LESSON
Day 313: Reward Modeling - Teaching Models What Humans Prefer
The core idea: reward modeling is the step where we stop asking only "did the model follow the instruction?" and start asking "among several plausible answers, which one would humans prefer?" It builds a learned scoring function that approximates preference, so later training can optimize against something closer to human judgment than plain supervised targets.
Today's "Aha!" Moment
The insight: After instruction tuning, a model may be obedient enough to produce many answers that are all superficially acceptable. The hard problem then becomes ranking them:
- which answer is clearer?
- which one is safer?
- which one is more helpful?
- which one is less evasive or less verbose?
Reward modeling exists because those distinctions are often comparative, not absolute.
Why this matters: It is much easier for a human annotator to say:
- "answer A is better than answer B"
than to write a perfect scalar objective for helpfulness, harmlessness, honesty, tone, brevity, and usefulness all at once.
Concrete anchor: Instruction tuning teaches the model to answer. Reward modeling teaches the training system how to score one answer against another when both are plausible but only one is more aligned with human preference.

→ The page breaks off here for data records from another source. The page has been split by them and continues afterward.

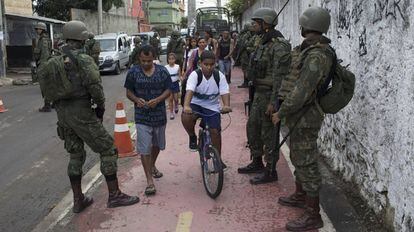 Militares fazem patrulha no Rio de Janeiro.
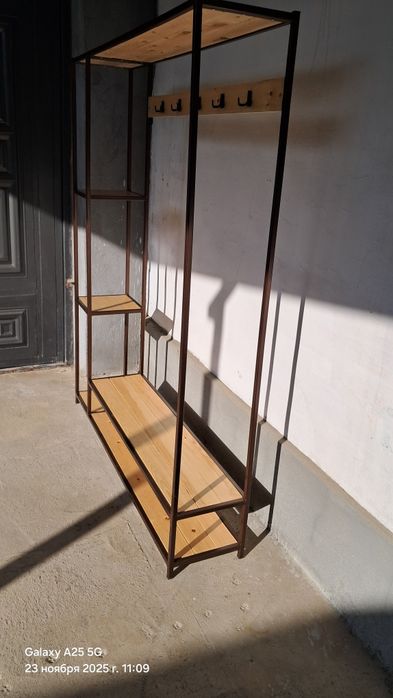 Прихожка с полкой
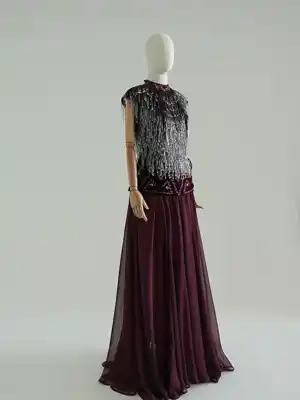 Türkmen fasonlar pombarh fasonlar Fasonlar 2025 fasonlar fason moda modalar Bezen bezen Türkmen fasonlar 2026 Türkmen fasonlar 2025 Türkmen fasonlar 2024 Türkmen fasonlar 2023 turkmenistan türkmenistan turkmen türkmen ashgabat  asgabat aşgabat balkan mary lebap dashoguz dasoguz daşoguz pombarh ponbarhat gulyupek gülýüpek stapel ştapel Gralan Çüýdeşen Abaýa Gadymy Krep Gurultaý 	Keteni Ýüpek Şifon Gipýur Lyon Welwet Atlas Kaşemir Streýç Suzana Ştapel Gülýüpek Pombarh Ýupka Gursakça Aksesuarlar Palto Penjek Okuw eşik Fata Sport eşik Uniforma Nakidka Öýme Şarf kompýuter ýaka ýaglyk Arenda köýnek 2nji el köýnek Taýyn köýnek Matalar Milli lybas milli lybaslar Toý köýnek Toý köýnekler toy koynek toy koynekler gundelik koynekler Gündelik	 
 köýnekler fata koynek Modern taze fason Eskiz koynektm turkmenkoynek türkmenkoynek fason moda moda fasonlar Iş eşik el iş	sada	ýakaly ýakasyz	keşdeli biserli	ýeňli giň nagyşly ýüregi açyk stoýka ýaka ýanly kombinasiýa 	zerli üsti aşak guşakly seçekli gysga ýeňli Şifon, Panbarhat (Pombarh) Modern el iş, ýakasyz, biserli, gysga ýeňli, giň, kombinasiýa, nagyşly 17-25, 26-35 Goýy-gyzyl tomus, guyz Taýyn köýnek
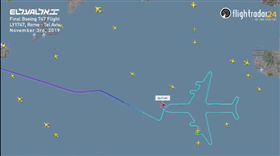 以色列航空（El Al Israel Airlines）日前陸續將旗下的波音747客機退役，於當地時間3日，在羅馬起飛最後一架波音747航班，飛往以色列特拉維夫市，途經地中海上空時，班機在空中劃出「波音747」機體的輪廓，向這近半世紀的飛行勤務致敬，畫下完美句點。（圖／翻攝自以色列航空IG）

Keep this mental hook in view: Reward models do not represent truth directly; they represent a learned approximation of human preference.
Why This Matters
20/07.md established that instruction tuning turns a base model into something that behaves more like an assistant.
20/08.md clarified that there are many ways to realize that behavioral objective cheaply.
Now the problem becomes subtler:
- once the model can answer, how do we teach it which answers are better?
That is the point of reward modeling, and it matters because the next lessons on PPO and DPO depend on it conceptually. Before we optimize behavior using preference data, we need a model of preference itself.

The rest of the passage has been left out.